Hence, whatever about Horgan and Dempsey (who must be considered doubtful for the finale at home to England on Sunday week), the likelihood is that Costello and Longwell will be back in the frame next week, and the proximity of the England game was an influential factor.
"The feeling is that he (Longwell) will be back early next week but there's no point in going in with an injury this week and not surviving the game and being in trouble again next week," the Irish coach explained. Ditto Costello, Ireland's primary ball-carrier to date, whom Ireland will want at 100 per cent against the physically more imposing English.
"He possibly could get away with it, but maybe not," said O'Sullivan, "and certainly if it broke down later in the week it could jeopardise him for the remainder of the championship. So I think discretion is the better part of valour on these calls."
The one voluntary change, indeed the first in four games, sees Bishop recalled at the expense of Kelly in what O'Sullivan called a horses-for-courses selection and a tight call, without wishing to reveal the exact thinking behind this decision. No one saw that one coming, but despite only two comeback games of his own after sustaining a broken hand, O'Sullivan was impressed enough with Bishop's form, and clearly feels he can add a bit more presence to the role.
For Cullen this will be a first championship start, while it will be Quinlan's first since the Italian and French games two years ago before the foot-and-mouth interruptions. Both are established squad members, having appeared as a substitute in seven of the last eight games while starting the other (against Fiji). By contrast, if the blossoming O'Callaghan takes some part, he will become Ireland's 25th player of the championship, and 34th player of a season in which Ireland will be seeking a 10th successive win on Saturday. Ye gods.
Wales are expected to pick a more experienced and durable pack when revealing their hand tomorrow, changing up to half of it, but without second-guessing this, O'Sullivan ventured: "Whichever way they go, I think Wales will see this as an opportunity to get a win in the Six Nations before they go to Paris and I think for that reason there'll certainly be at least as fired up against England if not more so."
O'Sullivan expressed the hope that if it rains, the Welsh Rugby Union will close the roof over the Millennium Stadium, although it is entirely their preserve.

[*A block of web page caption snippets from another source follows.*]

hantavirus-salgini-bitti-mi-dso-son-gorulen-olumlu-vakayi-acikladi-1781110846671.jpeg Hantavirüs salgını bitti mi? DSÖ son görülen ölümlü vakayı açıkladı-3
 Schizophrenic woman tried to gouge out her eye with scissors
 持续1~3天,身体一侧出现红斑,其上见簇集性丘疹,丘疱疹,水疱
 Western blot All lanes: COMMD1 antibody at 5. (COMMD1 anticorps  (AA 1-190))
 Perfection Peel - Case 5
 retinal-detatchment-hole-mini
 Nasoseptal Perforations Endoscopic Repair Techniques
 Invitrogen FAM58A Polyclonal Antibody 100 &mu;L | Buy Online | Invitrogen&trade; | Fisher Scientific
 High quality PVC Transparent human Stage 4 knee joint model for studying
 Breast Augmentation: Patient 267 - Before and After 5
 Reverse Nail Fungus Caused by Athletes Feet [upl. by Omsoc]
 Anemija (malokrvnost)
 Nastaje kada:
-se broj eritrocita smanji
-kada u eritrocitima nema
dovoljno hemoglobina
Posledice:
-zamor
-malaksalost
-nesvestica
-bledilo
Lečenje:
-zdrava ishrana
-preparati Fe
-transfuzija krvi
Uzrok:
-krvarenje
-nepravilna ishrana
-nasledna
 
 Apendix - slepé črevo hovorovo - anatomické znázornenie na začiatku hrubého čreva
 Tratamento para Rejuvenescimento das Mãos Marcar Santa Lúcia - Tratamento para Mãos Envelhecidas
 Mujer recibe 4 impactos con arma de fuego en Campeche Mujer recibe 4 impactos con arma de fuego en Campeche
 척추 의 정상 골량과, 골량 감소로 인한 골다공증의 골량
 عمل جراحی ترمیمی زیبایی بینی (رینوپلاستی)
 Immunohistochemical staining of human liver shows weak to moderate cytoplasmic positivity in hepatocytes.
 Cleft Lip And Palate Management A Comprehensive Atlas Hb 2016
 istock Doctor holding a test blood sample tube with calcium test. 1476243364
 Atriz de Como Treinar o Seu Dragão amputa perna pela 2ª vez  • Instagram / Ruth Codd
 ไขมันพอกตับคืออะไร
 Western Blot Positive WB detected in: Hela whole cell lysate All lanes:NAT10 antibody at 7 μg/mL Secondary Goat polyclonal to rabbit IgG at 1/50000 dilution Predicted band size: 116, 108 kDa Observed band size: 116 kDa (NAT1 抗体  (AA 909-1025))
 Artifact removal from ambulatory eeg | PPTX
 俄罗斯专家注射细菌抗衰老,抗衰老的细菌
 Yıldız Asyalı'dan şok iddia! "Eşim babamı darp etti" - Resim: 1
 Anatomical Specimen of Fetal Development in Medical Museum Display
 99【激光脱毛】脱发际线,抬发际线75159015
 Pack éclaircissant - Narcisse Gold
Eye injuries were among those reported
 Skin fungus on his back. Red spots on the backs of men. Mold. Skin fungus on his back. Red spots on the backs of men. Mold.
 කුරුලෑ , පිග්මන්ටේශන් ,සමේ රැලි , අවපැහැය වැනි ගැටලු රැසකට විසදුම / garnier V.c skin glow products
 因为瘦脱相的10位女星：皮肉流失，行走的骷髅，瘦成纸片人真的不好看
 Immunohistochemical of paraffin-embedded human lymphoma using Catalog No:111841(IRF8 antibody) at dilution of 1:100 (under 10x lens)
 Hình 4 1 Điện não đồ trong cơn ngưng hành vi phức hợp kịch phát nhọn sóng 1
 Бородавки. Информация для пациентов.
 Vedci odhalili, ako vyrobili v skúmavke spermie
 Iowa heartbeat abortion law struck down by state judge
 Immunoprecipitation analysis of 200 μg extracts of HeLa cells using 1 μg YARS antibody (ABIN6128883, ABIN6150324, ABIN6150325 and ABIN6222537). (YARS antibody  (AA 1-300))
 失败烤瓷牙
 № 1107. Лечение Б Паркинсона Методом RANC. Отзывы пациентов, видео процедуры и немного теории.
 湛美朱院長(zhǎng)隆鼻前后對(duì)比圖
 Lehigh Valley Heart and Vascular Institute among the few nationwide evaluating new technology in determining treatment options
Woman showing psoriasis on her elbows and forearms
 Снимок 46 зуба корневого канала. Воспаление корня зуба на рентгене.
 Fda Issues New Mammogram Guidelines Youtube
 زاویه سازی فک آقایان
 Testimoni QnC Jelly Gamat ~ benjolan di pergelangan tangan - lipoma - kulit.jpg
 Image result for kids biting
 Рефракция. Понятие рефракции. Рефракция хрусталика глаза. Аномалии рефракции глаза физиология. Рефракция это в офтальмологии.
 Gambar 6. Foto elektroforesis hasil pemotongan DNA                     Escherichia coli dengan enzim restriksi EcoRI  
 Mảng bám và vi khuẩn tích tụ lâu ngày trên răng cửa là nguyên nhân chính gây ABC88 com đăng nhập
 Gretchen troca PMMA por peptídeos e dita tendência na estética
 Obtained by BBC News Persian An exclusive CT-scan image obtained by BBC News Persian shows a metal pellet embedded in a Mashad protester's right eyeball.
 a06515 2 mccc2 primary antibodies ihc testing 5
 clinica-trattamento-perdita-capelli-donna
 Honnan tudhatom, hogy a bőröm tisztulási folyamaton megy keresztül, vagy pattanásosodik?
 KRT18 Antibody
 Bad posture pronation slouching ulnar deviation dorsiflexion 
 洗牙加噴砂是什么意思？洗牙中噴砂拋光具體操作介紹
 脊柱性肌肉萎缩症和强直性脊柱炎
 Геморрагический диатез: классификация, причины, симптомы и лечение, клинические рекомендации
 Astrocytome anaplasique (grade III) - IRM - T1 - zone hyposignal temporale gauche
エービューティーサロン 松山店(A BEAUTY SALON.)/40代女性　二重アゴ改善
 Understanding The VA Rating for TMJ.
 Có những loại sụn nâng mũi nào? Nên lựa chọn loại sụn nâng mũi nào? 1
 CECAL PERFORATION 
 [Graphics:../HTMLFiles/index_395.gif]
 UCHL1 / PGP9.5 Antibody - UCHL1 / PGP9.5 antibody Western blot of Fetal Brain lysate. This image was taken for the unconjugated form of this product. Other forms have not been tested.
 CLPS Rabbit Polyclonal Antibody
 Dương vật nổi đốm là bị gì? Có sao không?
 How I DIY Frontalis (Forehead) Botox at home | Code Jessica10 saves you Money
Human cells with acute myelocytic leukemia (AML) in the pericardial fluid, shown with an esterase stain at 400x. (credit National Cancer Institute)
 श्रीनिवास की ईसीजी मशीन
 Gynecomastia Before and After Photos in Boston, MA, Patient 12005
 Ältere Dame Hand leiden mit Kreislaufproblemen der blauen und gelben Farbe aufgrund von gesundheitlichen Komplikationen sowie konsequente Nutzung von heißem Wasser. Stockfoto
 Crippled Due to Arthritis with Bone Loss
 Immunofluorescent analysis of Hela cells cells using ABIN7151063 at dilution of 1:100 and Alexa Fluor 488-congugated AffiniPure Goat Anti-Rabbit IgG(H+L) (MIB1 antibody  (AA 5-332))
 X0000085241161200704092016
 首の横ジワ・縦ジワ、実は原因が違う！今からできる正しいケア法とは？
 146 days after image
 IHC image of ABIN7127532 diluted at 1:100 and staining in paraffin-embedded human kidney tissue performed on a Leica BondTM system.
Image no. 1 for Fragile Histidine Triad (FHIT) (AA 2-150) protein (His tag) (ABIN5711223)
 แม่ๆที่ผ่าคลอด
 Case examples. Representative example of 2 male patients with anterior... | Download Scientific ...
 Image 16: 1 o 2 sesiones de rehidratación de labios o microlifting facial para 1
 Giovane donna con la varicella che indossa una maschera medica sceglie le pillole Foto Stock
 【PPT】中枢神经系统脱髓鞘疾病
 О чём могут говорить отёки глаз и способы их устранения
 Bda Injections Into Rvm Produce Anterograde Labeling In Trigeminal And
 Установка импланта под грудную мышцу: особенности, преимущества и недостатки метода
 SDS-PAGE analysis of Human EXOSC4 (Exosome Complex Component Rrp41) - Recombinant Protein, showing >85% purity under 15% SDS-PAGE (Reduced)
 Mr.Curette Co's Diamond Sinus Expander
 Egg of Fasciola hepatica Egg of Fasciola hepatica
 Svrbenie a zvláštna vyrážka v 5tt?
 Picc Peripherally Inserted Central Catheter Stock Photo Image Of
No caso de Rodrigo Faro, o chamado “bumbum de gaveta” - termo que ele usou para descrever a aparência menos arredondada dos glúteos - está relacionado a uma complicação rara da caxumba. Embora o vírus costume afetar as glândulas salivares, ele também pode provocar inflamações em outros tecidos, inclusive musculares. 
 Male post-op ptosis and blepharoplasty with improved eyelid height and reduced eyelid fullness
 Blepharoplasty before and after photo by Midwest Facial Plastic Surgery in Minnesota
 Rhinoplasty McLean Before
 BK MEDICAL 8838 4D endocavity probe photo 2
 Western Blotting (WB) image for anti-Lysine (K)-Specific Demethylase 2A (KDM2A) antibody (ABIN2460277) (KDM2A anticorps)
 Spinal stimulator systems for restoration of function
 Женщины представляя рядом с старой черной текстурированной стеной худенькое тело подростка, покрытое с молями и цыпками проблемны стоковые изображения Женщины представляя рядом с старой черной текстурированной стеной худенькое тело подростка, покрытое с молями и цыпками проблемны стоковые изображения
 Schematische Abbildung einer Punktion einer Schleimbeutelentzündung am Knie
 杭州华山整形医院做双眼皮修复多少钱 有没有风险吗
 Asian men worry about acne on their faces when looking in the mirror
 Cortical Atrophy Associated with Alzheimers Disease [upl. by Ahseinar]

Another issue, potentially, is the possible distraction of a much anticipated Grand Slam showdown with England on Sunday week, although somehow you sense this is far less an issue with O'Sullivan in charge.
"It's hard to ignore," he admitted. "It's a concern, we're all human, and it's possible to take your eye off the ball and think beyond, but the truth of the matter is that if we don't win in Cardiff, that's the end of everybody's copy on a Grand Slam discussion, not just you, but me as well. We know that if we come up short on Saturday we'll have taken away a great opportunity for ourselves on Sunday week but that opportunity isn't there unless we close the deal on Saturday."
To safeguard against premature talk of Sunday week's game and maintain complete focus on matters in the Millennium Stadium, the E word (ie England) has been banned within the squad, with Peter Stringer collecting the fines. Ironically, when asked, Brian O'Driscoll mischievously inferred that O'Sullivan was the chief offender thus far. "Eddie has coughed up a couple of times." Tut, tut.
O2 Ireland, the Official mobile communications supplier to the IRFU, yesterday launched a text initiative designed to generate one million "good luck" messages for the Irish team. Irish fans will be helping the IRFU Charitable Trust, as 17 cent will go to the trust for every text message received.